After spending a year collecting, refining, documenting, checking, double-checking and cleaning the data, I had created a database that comprised over 300 major nonviolent and violent mass movements for regime change, self-determination and secession since 1900. I accounted for factors like the brutality of the regime, the nature of the political system, support from allies, and the size and location of each country. I had also accounted for features of the campaigns themselves, including the number of participants, the ability to provoke defections from security forces, international support, and the campaign’s goals and duration. The list of nonviolent campaigns was diverse, ranging from Gandhi’s Indian Independence campaign from 1919-1947 to the Chinese pro-democracy campaign (which failed notoriously in Tiananmen Square in 1989) to the East Timorese independence movement (which succeeded in 2000).
I remained skeptical until I began to analyze the data. The results were breathtaking.
The nonviolent campaigns were more than twice as effective as the violent ones. Moreover, the success rates of nonviolent campaigns had increased over time, whereas violent insurgencies had become less effective during the last 20 years.
These results held up even when the nonviolent campaigns were facing brutal authoritarian regimes that responded with violent crackdowns. Nonviolent resistance was succeeding in some countries — the Philippines, Serbia, Poland, Thailand, Nepal, South Africa and Chile — where violent resistance had failed utterly.
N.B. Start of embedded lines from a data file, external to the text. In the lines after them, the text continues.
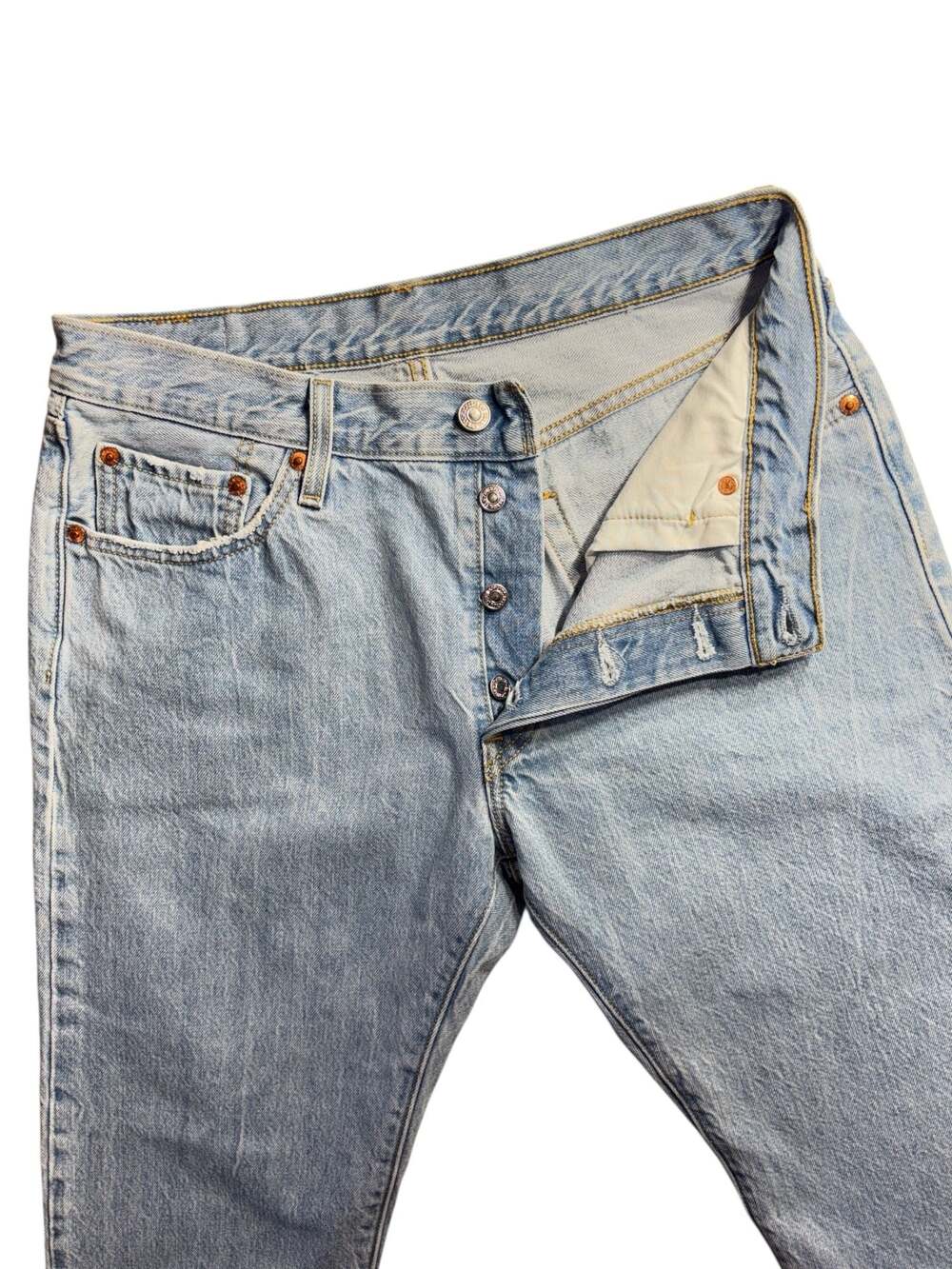 Levi's 501 Original Fit Light Wash Jeans with Eyelet Hem Detail - Picture 3 of 11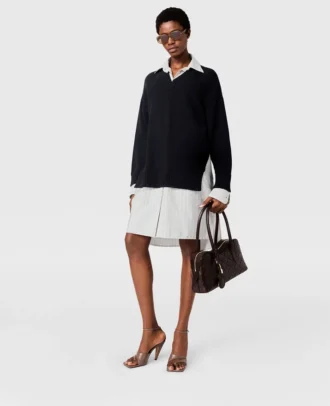 Robe chemise à col rond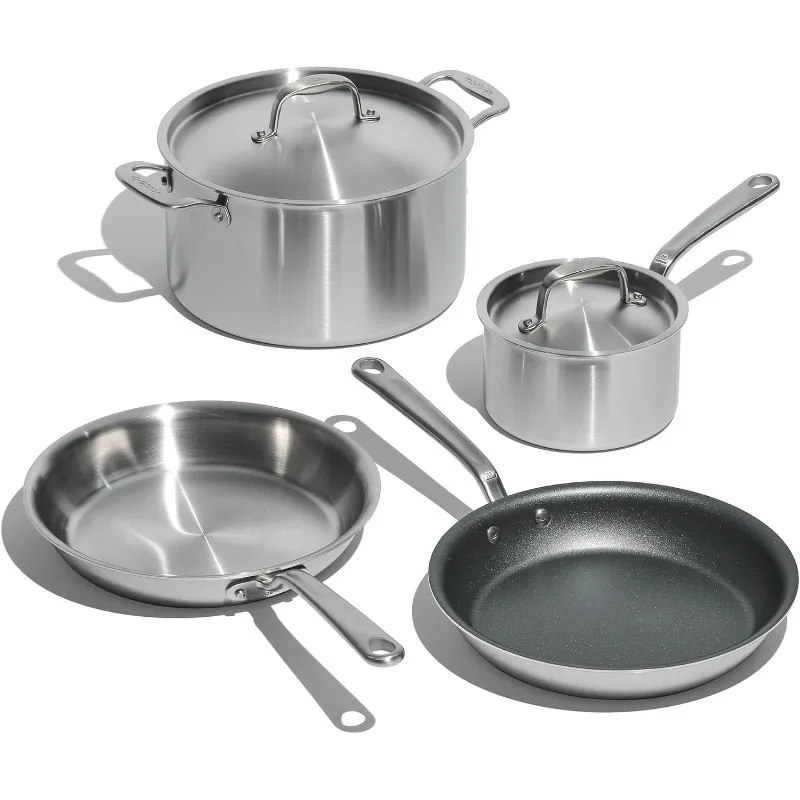 Cookware - 10 Piece Stainless Steel Pot and Pan Set - 5 Ply Clad - Includes Stainless Steel Frying Pans, Saucepans, Saucier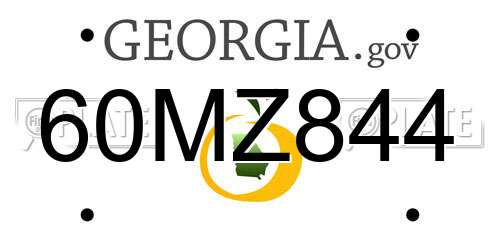 60MZ844 Georgia License Plate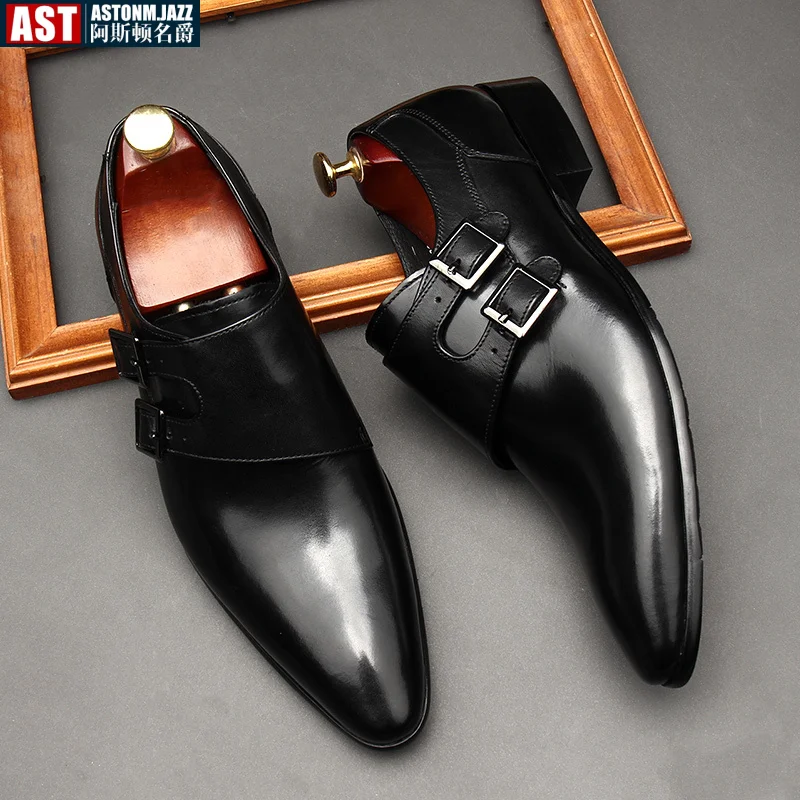 

Genuine Leather Mens Dress Shoes Quality Handmade Luxury British Style Fashion Buckle Wedding Social Oxfords Shoes Male Size 46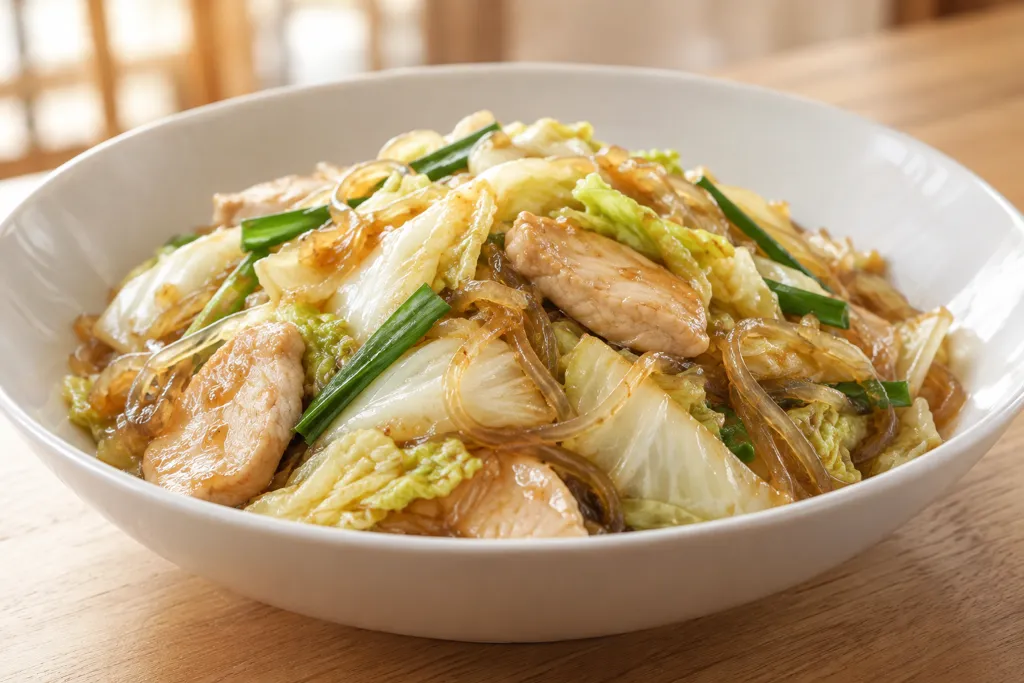 鶏むね肉と白菜の春巻き風炒めの完成イメージ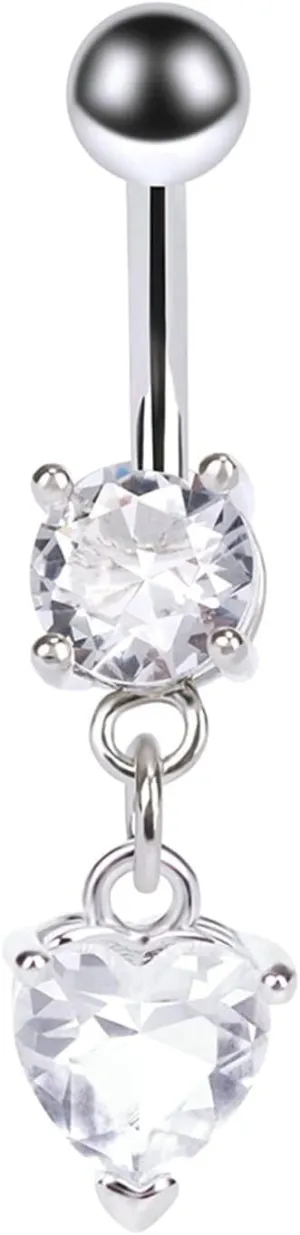 Stainless Steel Navel Ring, CZ Navel Rings for Women Hoop Heart Silver Belly Rings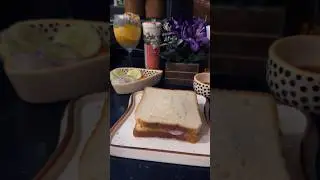 Brunching at home, not any fancy cafe! Hung curd spread with aloo cutlets layered like a sandwich 🥪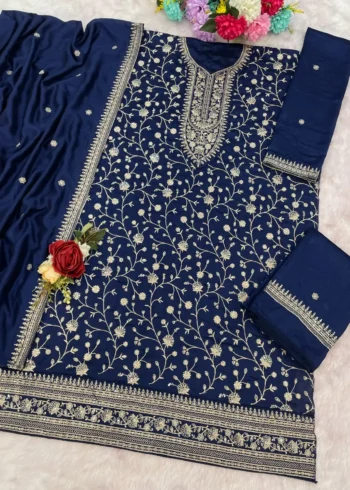 Navy blue Premium Semi-Stitched Vichitra Wedding Silk Suit Set with Embroidery live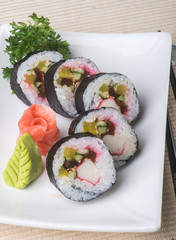 japanese cuisine. sushi on the background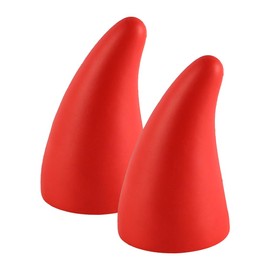 Laroal 2 Pieces Horn Car Decorations Decor Car Accessories Bull Horn Car Decorations Car Decoration Present Red Plastic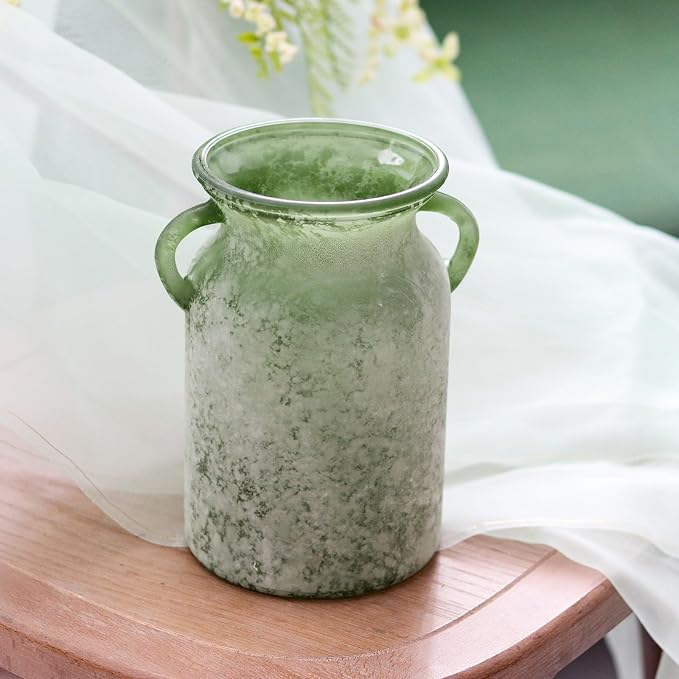 SHMILMH Glass Flower Vase with Handle – 8 Inches Rustic Imitation Ceramic Vase - Image 8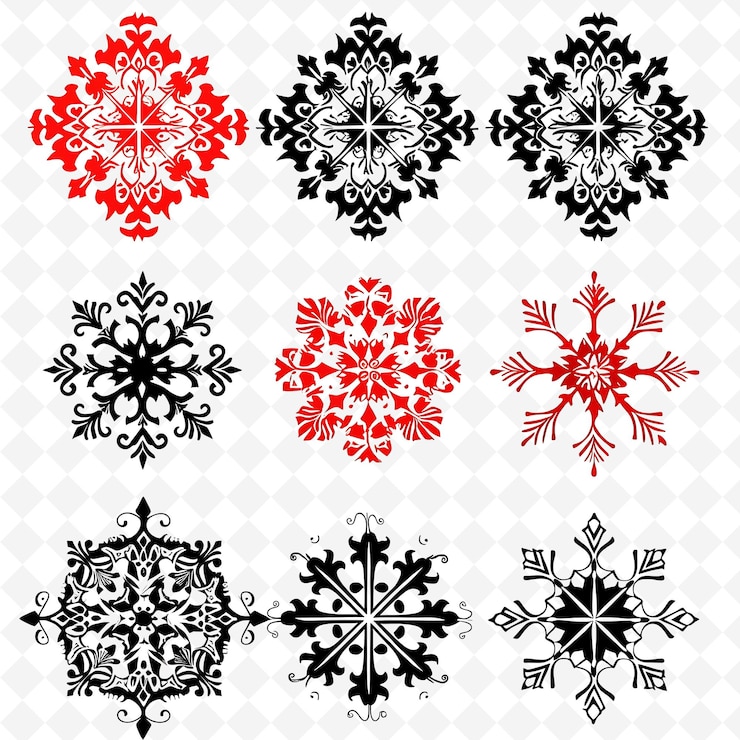 PSD una raccolta di fiocchi di neve e fiocchi di neve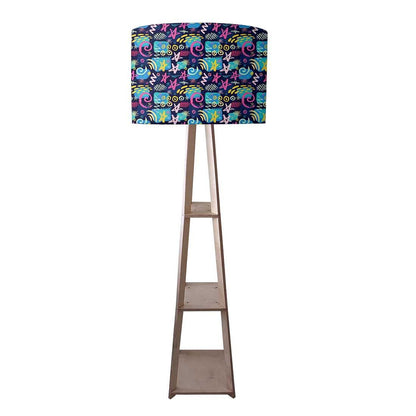 Small Wooden Floor Lamp  -   Purple Mathematical Design Nutcase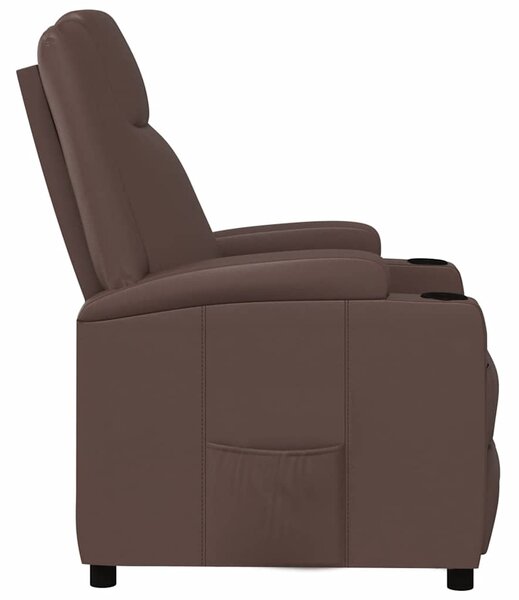 Polohovací křeslo hnědé umělá kůže 340961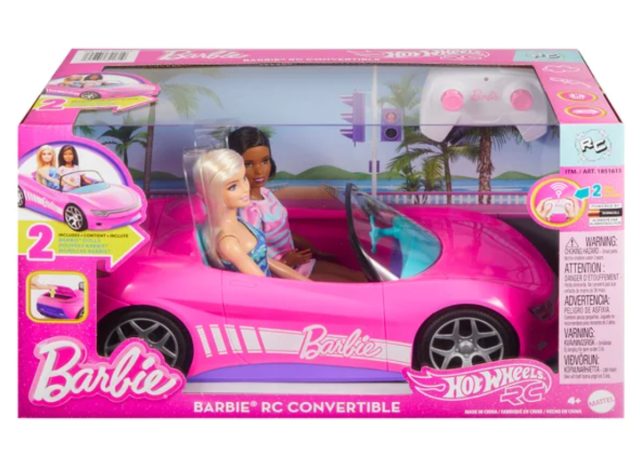 Hot Wheels Barbie RC Convertible Car with 2 Barbie Dolls
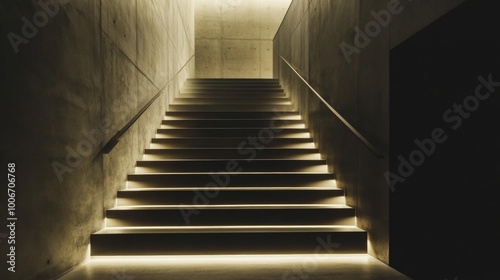 Illuminated concrete staircase in modern architecture, artistic lighting concept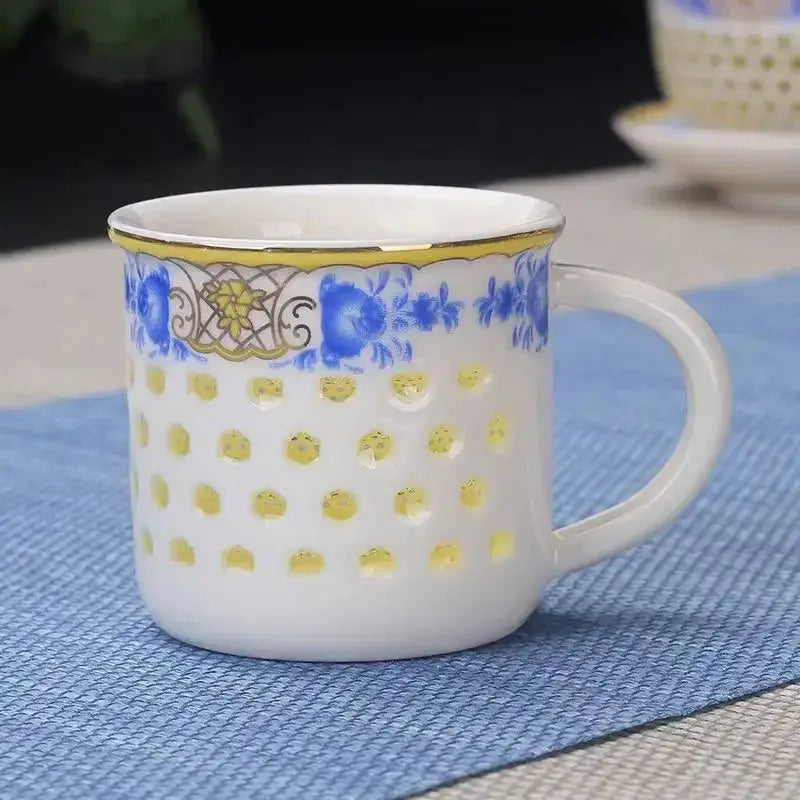 Vintage blue & white ceramic tea cup set dining room perforated bowl
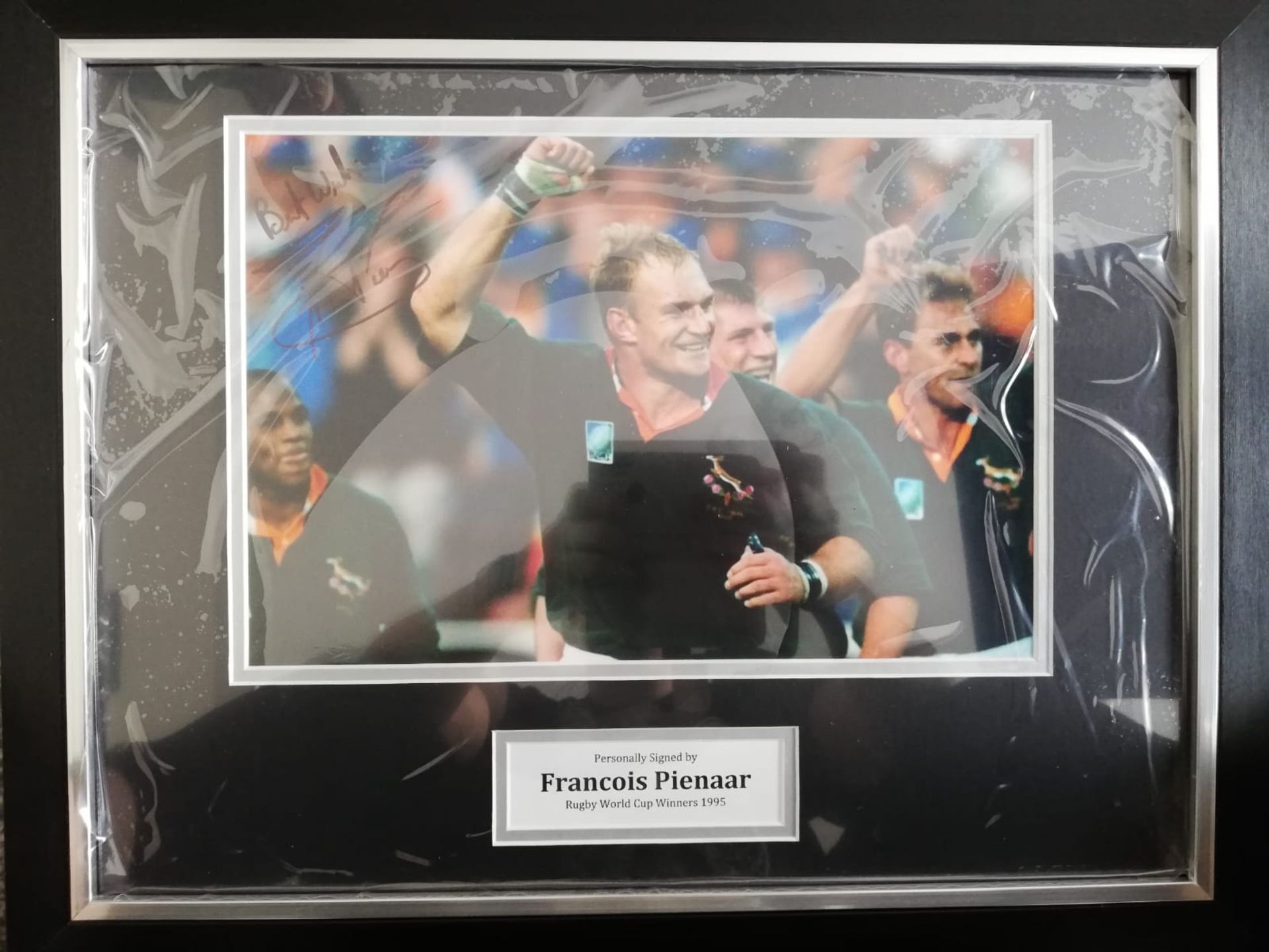 Francois Pienaar Signed And Framed South Africa Rugby Display Supplied with Certificate Of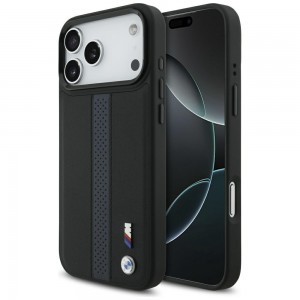 BMW iPhone 17 / 18 Pro Max Hülle Case MagSafe M Perforated Stripe Schwarz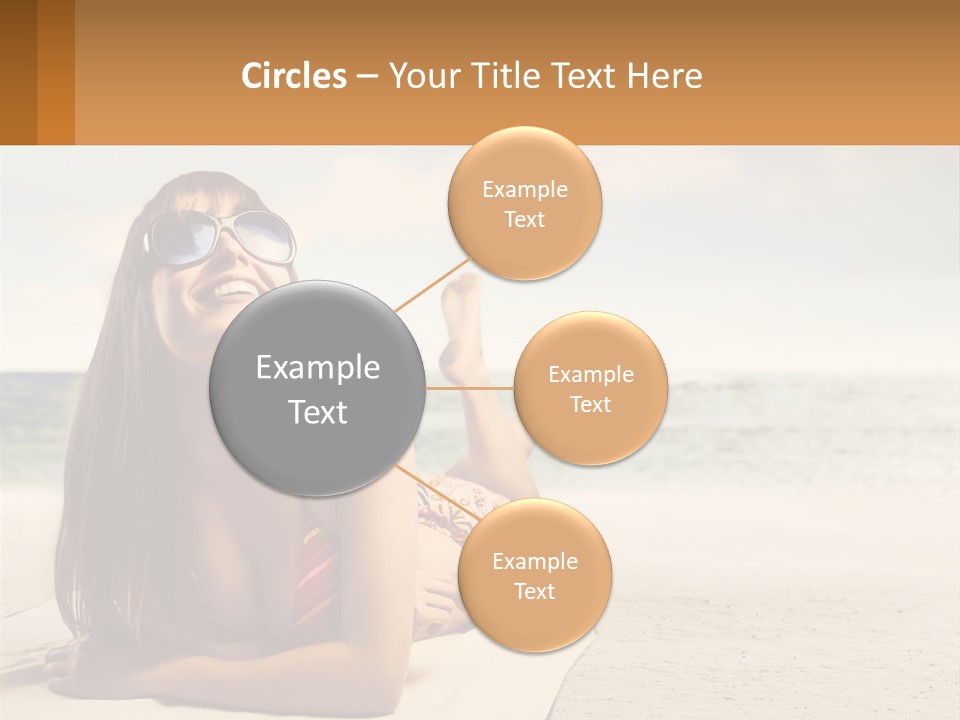 A Woman Laying On The Beach With Sunglasses On Her Head PowerPoint Template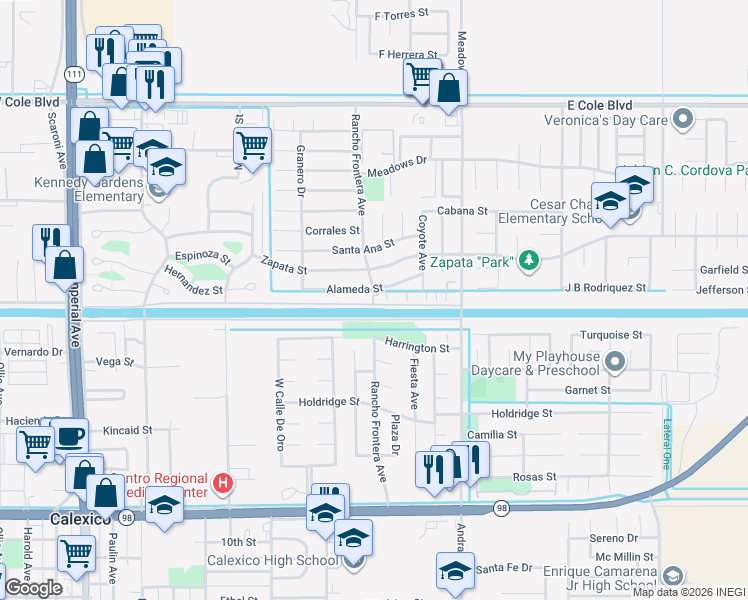 map of restaurants, bars, coffee shops, grocery stores, and more near Rancho Frontera Avenue in Calexico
And perhaps most importantly, the countries that experienced nonviolent uprisings were much more likely to transition to democracies and much less likely to experience a relapse into civil war compared with countries facing violent insurgencies. Contrary to everything I had previously thought, mass civil resistance — not violence — was the force creating change in the world.
As I sat in a puffy chair in a coffee shop in Berkeley, Calif., I took a deep breath and thought, “This changes everything.” No more could I assure myself that violence was a necessary evil in the world. Instead, the research showed that violence was ineffective. Even against really nasty regimes, nonviolent resistance was a real alternative. And that meant there is no real excuse for using violent insurgency.
I called Maria, who was equally stunned by the results, and we resolved to write a book explaining why civil resistance has been so effective as a force for change in the world.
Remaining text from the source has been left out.